### EXERCISE BRIEF
Below are some records. Say in a single number how many of their lines include the word "want".

[Stored data entries]
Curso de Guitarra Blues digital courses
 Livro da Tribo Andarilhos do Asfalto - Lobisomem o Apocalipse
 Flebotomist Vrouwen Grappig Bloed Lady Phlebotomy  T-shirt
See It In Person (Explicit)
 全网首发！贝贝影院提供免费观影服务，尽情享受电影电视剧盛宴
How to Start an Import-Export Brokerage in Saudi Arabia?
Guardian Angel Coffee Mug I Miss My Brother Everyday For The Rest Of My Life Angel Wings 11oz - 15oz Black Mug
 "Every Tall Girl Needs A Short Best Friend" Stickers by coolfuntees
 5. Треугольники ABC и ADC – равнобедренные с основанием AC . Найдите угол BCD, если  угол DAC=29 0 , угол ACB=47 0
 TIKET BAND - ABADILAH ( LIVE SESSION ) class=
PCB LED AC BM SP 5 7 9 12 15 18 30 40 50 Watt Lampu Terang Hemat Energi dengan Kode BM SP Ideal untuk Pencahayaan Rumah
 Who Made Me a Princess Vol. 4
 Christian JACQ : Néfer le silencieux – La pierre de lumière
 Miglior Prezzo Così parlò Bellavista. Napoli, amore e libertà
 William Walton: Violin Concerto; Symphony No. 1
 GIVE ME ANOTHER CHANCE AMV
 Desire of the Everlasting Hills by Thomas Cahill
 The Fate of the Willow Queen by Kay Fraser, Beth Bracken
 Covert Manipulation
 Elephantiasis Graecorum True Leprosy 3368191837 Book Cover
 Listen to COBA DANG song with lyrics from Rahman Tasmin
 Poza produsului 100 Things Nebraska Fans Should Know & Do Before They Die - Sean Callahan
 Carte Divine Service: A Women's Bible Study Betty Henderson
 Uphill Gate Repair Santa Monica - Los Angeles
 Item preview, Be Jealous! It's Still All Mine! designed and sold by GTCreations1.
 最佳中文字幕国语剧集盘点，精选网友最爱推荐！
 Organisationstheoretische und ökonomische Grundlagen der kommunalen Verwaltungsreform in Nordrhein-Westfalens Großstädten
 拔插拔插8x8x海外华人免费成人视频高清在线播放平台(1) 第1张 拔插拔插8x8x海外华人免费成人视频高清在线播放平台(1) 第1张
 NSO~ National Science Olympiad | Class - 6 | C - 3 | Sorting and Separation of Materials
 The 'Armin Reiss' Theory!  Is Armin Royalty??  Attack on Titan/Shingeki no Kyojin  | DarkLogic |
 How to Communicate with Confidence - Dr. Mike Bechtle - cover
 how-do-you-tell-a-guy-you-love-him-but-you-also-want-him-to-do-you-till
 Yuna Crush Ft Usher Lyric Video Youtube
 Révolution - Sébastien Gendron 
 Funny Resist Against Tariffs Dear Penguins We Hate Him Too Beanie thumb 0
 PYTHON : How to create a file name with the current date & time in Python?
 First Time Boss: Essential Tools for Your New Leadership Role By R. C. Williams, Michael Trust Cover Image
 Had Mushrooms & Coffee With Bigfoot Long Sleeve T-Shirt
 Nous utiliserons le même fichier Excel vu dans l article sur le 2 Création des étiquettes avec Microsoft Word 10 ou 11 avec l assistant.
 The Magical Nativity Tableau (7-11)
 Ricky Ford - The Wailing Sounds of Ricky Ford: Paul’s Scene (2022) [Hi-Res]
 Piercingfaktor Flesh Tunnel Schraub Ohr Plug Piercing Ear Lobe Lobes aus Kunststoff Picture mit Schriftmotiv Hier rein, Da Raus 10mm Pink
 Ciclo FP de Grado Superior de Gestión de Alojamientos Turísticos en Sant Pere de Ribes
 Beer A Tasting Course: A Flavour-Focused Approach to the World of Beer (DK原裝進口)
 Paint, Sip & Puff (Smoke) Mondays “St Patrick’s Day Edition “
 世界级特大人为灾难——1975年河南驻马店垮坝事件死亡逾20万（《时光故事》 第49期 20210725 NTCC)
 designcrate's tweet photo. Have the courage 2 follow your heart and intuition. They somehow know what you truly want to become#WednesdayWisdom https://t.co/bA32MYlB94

### SOLUTION BELOW
2